Kunming, China (ANTARA) - Para peneliti China menemukan bahwa protein imunosupresif yang terkonsentrasi di kelenjar ludah kelelawar bisa membuat hewan itu menularkan virus.

Kelelawar semakin dianggap sebagai penampung potensial bagi banyak virus yang menyebabkan zoonosis (penyakit pada hewan yang dapat ditularkan ke manusia) melalui limpahan ke binatang lain dan manusia.

Namun, para ilmuwan memiliki pemahaman yang terbatas tentang faktor-faktor yang berkontribusi terhadap pelepasan virus dari kelelawar.

Menurut para peneliti dari Institut Zoologi Kunming di bawah Akademi Ilmu Pengetahuan China dan Universitas Kedokteran Angkatan Darat, kelelawar memiliki serangkaian respons imun antivirus unik yang mengendalikan penyebaran virus sembari membatasi respons inflamasi yang merusak diri sendiri.

Banyak studi berspekulasi bahwa kelelawar memiliki titik istimewa secara imunologis di dalam tubuh mereka, tempat mamalia terbang itu dapat menoleransi masuk dan menetapnya antigen asing tanpa menimbulkan respons imun inflamasi.

R1ongga mulut, sebagai saluran masuk dan keluarnya virus, dianggap sebagai tempat istimewa secara imunologis pada kelelawar.
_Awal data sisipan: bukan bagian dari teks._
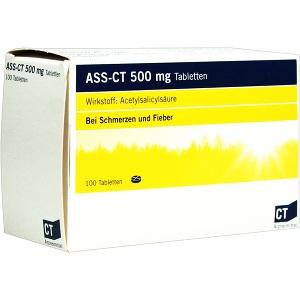 ASS - CT 500mg Tabletten, 100 ST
Para peneliti mengatakan bahwa mereka mengidentifikasi protein imunosupresan, yang disebut MTX.

MTX kemungkinan menciptakan lingkungan yang istimewa secara imunologis dan menginduksi toleransi imun inang terhadap virus di rongga mulut kelelawar dengan menangkal respons imun inang.
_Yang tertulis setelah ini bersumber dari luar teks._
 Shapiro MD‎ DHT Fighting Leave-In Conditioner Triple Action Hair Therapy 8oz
Temuan itu telah diterbitkan dalam jurnal Amerika Serikat Proceedings of the National Academy of Sciences (PNAS).

Dalam studi lebih lanjut, mereka menemukan bahwa pemberian MTX pada tikus memfasilitasi infeksi virus flu H1N1, yang mengarah pada peningkatan invasi virus dan kerusakan jaringan.

Para peneliti mengatakan bahwa MTX sangat terkonsentrasi di kelenjar ludah kelelawar. Studi mereka menunjukkan mekanisme untuk memproduksi imunologis dan toleransi kekebalan pada kelelawar dan memberikan bukti pelepasan virus melalui sekresi oral.

Sementara itu, MTX mungkin menjadi kandidat potensial untuk pengembangan obat antiinflamasi, kata para peneliti.